I’ve never been the best at standardized tests, so the SAT was a bit of a struggle. I studied for the test, memorizing words and practicing math problems. After taking it, I didn’t feel as though I knew anything more than what I had haphazardly internalized for the purpose of the exam.

We have learned to quantify knowledge because numbers imply certainty, and, in certainty, we find comfort. We like to count how many things we know. We know that doing certain extracurriculars, taking certain seminars and following certain career paths will lead us to certain futures. We are afraid of saying “I don’t know” in various contexts — in class discussions when we haven’t done the reading and when people ask what our plans are for the summer or after college. Therefore, we are unable to realize the value of uncertainty in our educations at Yale and beyond.

A couple weeks ago, while I was writing a piece for my fiction class, I realized that I was attempting to envelop the experiences of someone I did not know. Similarly, in another class, we were reading Yann Martel’s “Life of Pi,” a novel about the experience of an Indian boy who is stranded on an island with a tiger. In the novel, Martel paints a reality that he himself did not live. I began to wonder how far we can stretch our empathy; when, I asked, did empathy bleed into a false certainty?

It is difficult to know and understand the experiences of those whose lives are vastly different from our own, whose realities are complex and nuanced in ways we cannot digest. I cannot even know the lives of my parents, their childhoods, the joy and pain of their distinct realities.

We want to know events and people, to boil them down to their statistics and trends so that we can understand them. We want to understand our friends based on what we can see of them — the organizations they belong to, the majors they pursue — but of course each reality is imbued with color and nuance, and when we reduce people to these qualities we move further away from understanding them. When we try to quantify others’ pain, we are left with a dehumanizing list of statistics, of headlines. We cannot know the lives of those affected by the Parkland, Florida, shooting or the suicides at Yale last year through numbers and statistics. When we try to understand through quantifying, we are left with a sanitized vocabulary of discussing personal and national tragedy — a vocabulary as disposable as the one demanded by the SAT. Perhaps our fault lies in the very perception that our educations are to leave us with more certainties than uncertainties.

To empathize does not mean that we have to assume certainty. We can write about characters we do not know, hear about our friends’ lives and try to comprehend, mourn and protest with the victims of tragedy. But we should refrain from wanting to quantify others’ experiences so they become digestible to us. We should not neglect to consider individual human complexity in the larger scope of trends and statistics. We should not be afraid to admit that we do not know, whether in reference to a problem set question or a line of W.H. Auden’s poetry or the anticipated question of summer plans.

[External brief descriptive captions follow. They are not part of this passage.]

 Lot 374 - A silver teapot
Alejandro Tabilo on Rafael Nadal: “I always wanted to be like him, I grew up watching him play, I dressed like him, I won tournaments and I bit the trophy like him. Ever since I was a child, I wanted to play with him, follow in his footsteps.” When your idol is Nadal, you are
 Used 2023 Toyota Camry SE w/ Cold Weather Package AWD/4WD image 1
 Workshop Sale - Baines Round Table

So often at Yale we want to equate intelligence with certainty, with “knowing,” but intelligence comes in embracing uncertainty. The texts we read, the organizations we belong to and the conversations we have with our peers and members of the New Haven community should complicate our notions of certainty, making us less ready to accept the simple systems and patterns of our world.

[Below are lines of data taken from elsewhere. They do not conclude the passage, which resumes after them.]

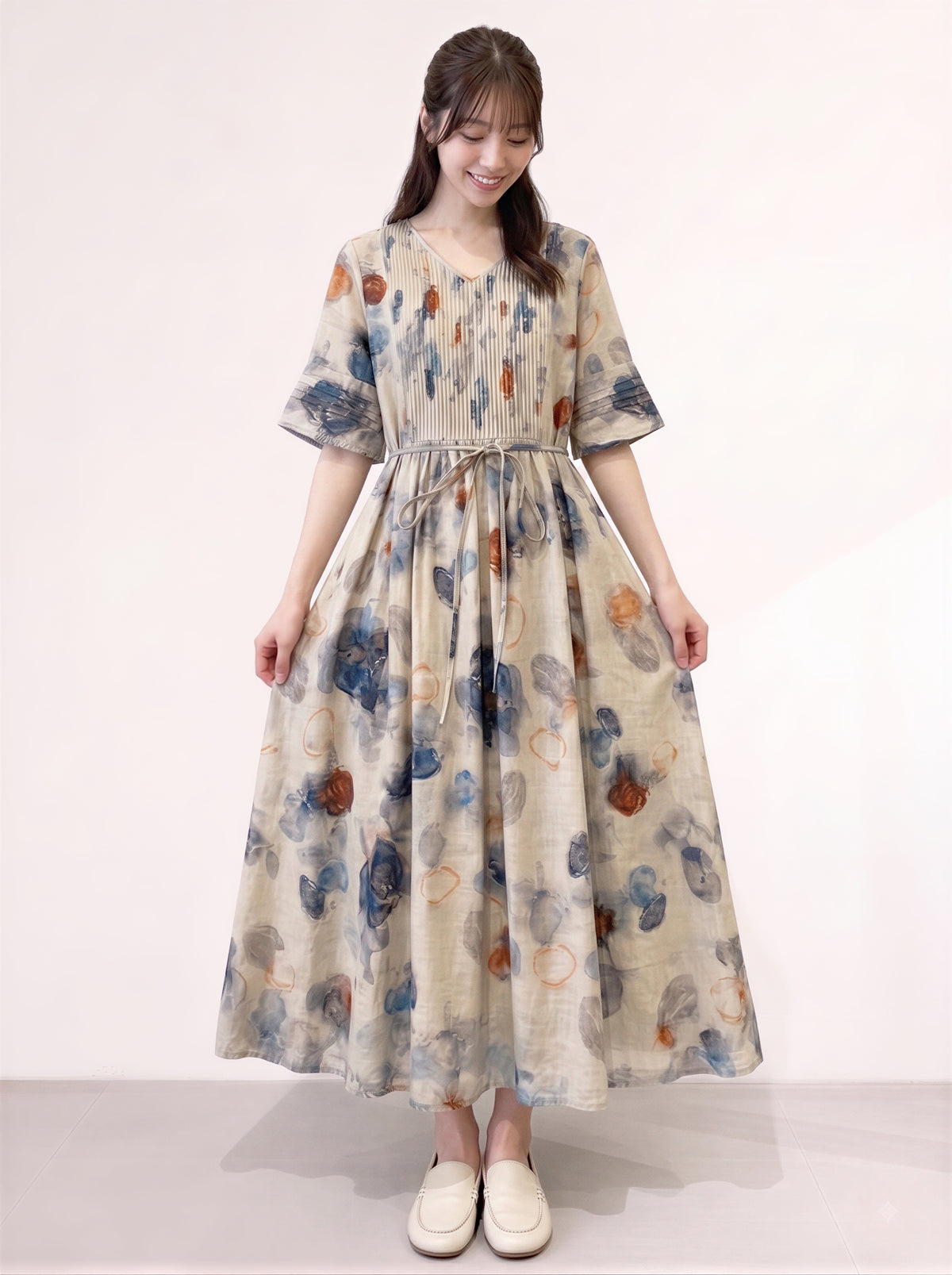 M-2XL 淺米色V領綁帶印花長洋裝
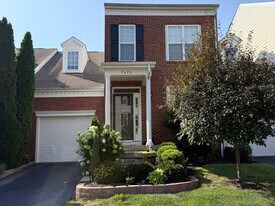 2420 Aristocracy Cir in Lexington, KY - Building Photo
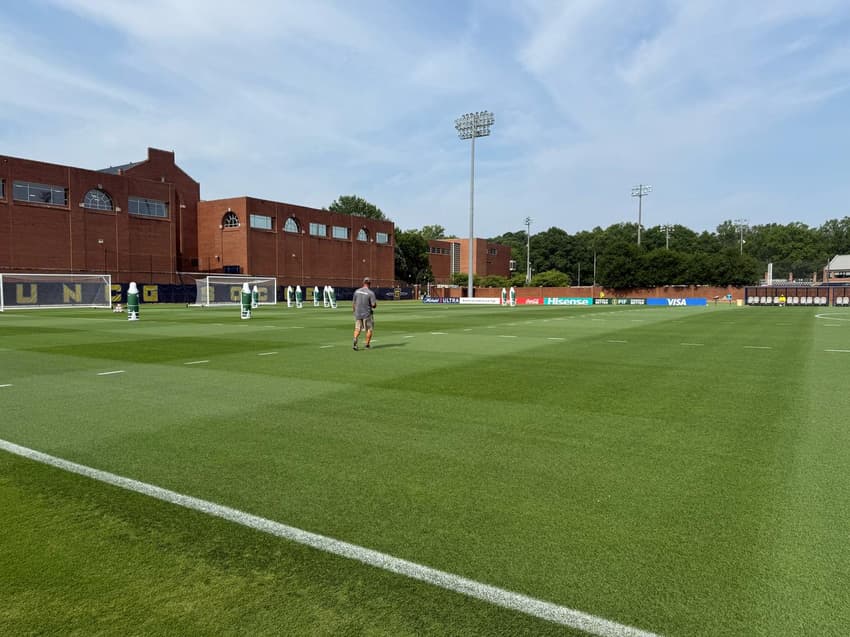 Campo - Univesidade Carolina do Norte Greensboro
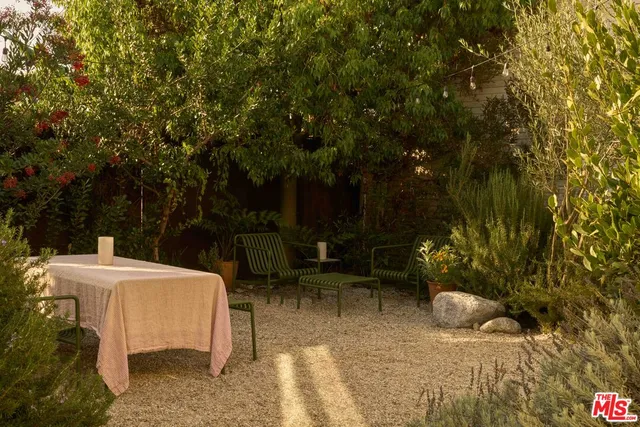 $899,900 | 4179 South Van Ness Avenue, Los Angeles, CA 90008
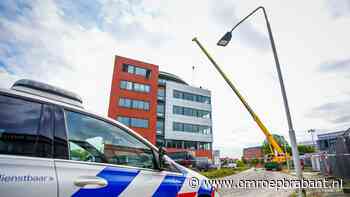 112-nieuws: drugslab-spullen uit gebouw gehesen • auto in sloot naast A50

Last year, I tutored with Bridges English as Second Language every Saturday morning, and my student and I would often exchange stories of our past weeks. Often, she would tell me about the household in which she worked, how she wanted to obtain her work visa, how she was scared because of the election results. Many Saturday afternoons, I would return to my suite more uncertain than when I had left. There was so much I would never know about her life; our paths would always be divergent. I confronted my texts hoping to find a sense of comfort, but, in them, I found more uncertainty, more questions without answers. I did not like the taste of uncertainty on my tongue.

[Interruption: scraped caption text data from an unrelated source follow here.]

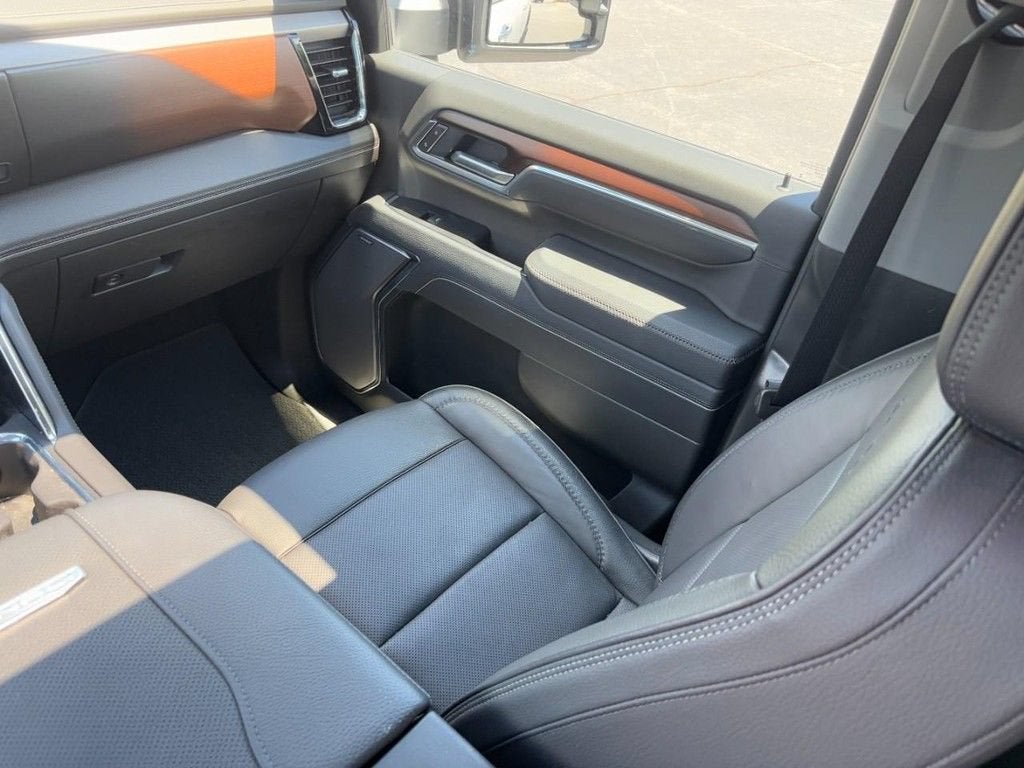 2025 GMC Sierra 2500 HD Denali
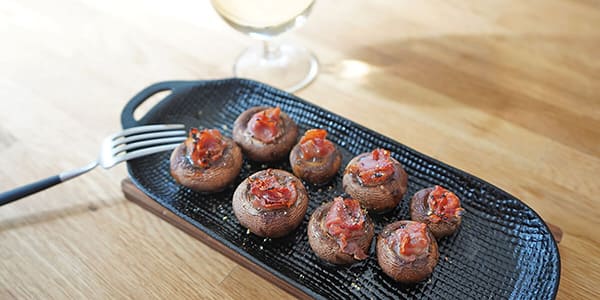 マッシュルームと生ハムのグリル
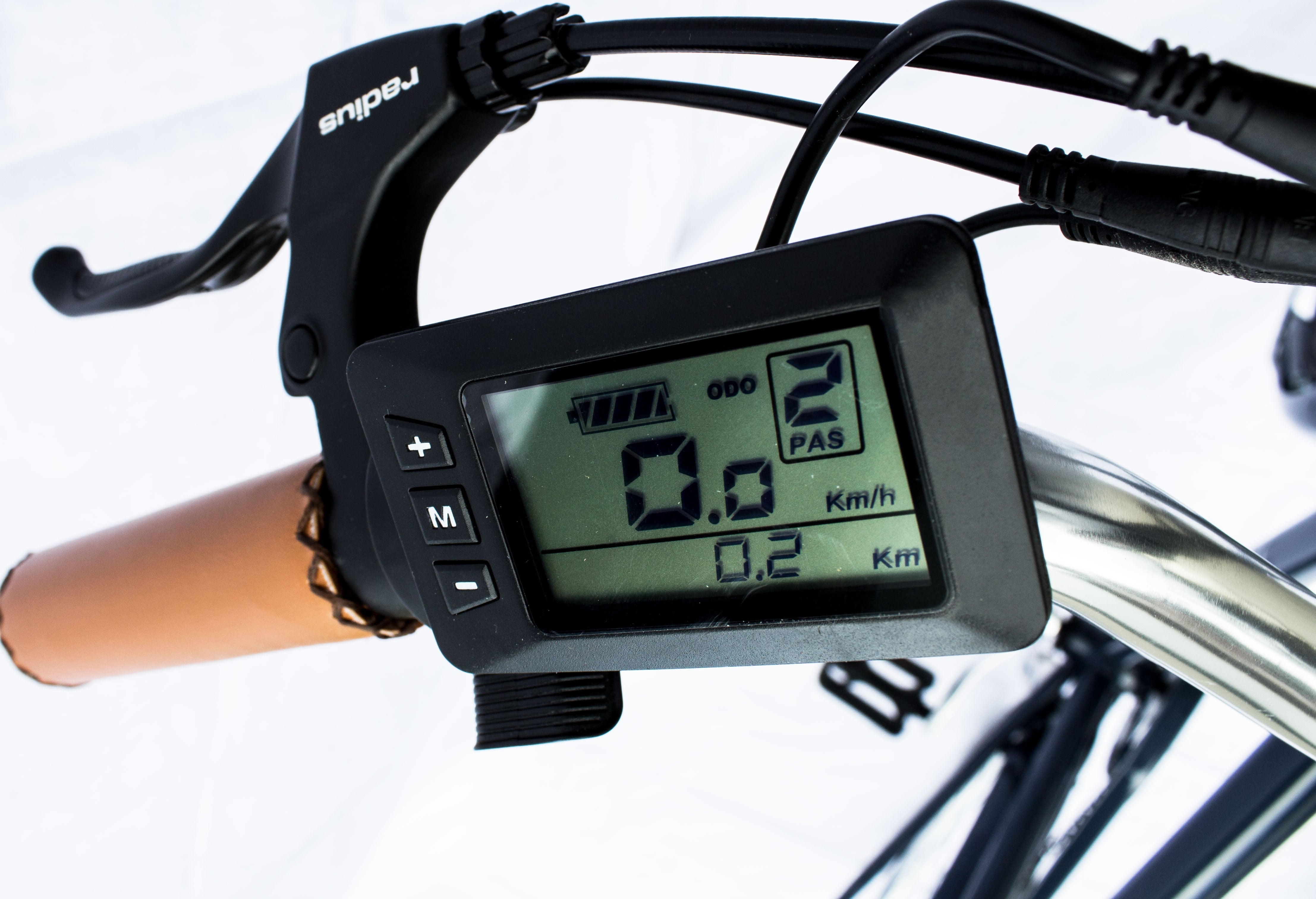 Micargi HOLLAND V7 Women's 350W 48V 700c Step-Through City Electric Bike - Upzy.com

But perhaps my uncertainty was the answer. Uncertainty allows us to be truly empathetic individuals, for we can read the occasional rudeness of a classmate or friend not as black and white insensitivity but as a product of something else, something more personal. Uncertainty allows us to notice the hidden complexities of each other’s lives. Uncertainty unites us, for to not know is to be human. Each day at Yale and beyond, as we grow and experience new things, we will know less, but perhaps this is exactly what allows us to understand more.